David Cameron’s Chequers speech writing session was held hours after Ed Miliband had finished speaking at Labour conference, and it showed today. This was Cameron’s passionate, sometimes angry, response to the Labour leader. He wanted to make the case that Miliband’s move to the left would endanger the British economy.
His message was give me the time and I will finish the job. What’s the job, building a ‘land of opportunity’. This seems to mean an enterprise economy with an education system good enough to enable social mobility. It is a very Tory message.
But Cameron was keen to show that he’s still a compassionate Conservative. As he discussed his plan to make youngsters either earn or lean, he sounded like the pushy parent, father of the nation.

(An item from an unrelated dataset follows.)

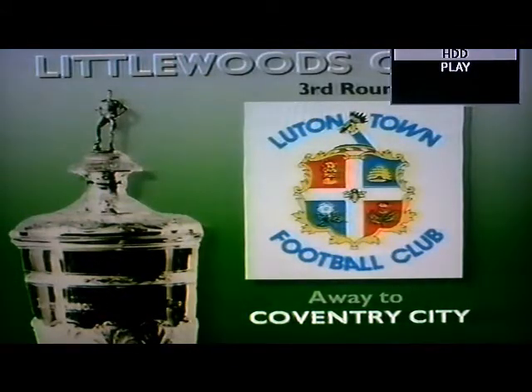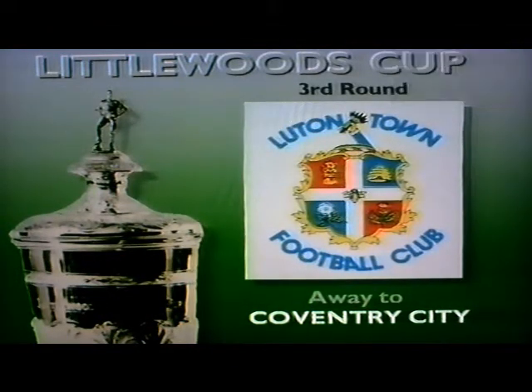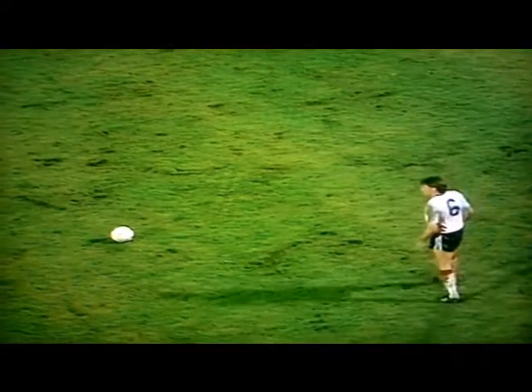At Leicester, Luton losing home advantage. This Filbert Street pitch couldn't be more different from the plastic of Kenilworth Road. It's murky, it's heavy, it's fast on top in some places, but it's Luton who've looked the more aggressive, the more positive. They've certainly not come here to lie down.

He argued that he wouldn’t accept his own kids sitting around on the dole, so why should he accept any kids doing that. He even got the conference to clap social workers.
Perhaps, the weakest area of the speech, though, was on the cost of living. Cameron argued that you couldn’t separate the cost of living from the wider economic debate. But, I suspect, that the Tories are going to need to say more than that. They need something to show that they get it, and that they have policies that will drive down household bills.
Cameron cut his political teeth on the Tories’ 1992 campaign. His attempt to be re-elected as Prime Minister will resemble that effort in several ways. There’ll be relentless attacks on Labour’s credibility and a leader that the Tories believe to be to the left of the public. It worked then and Cameron is betting it will again.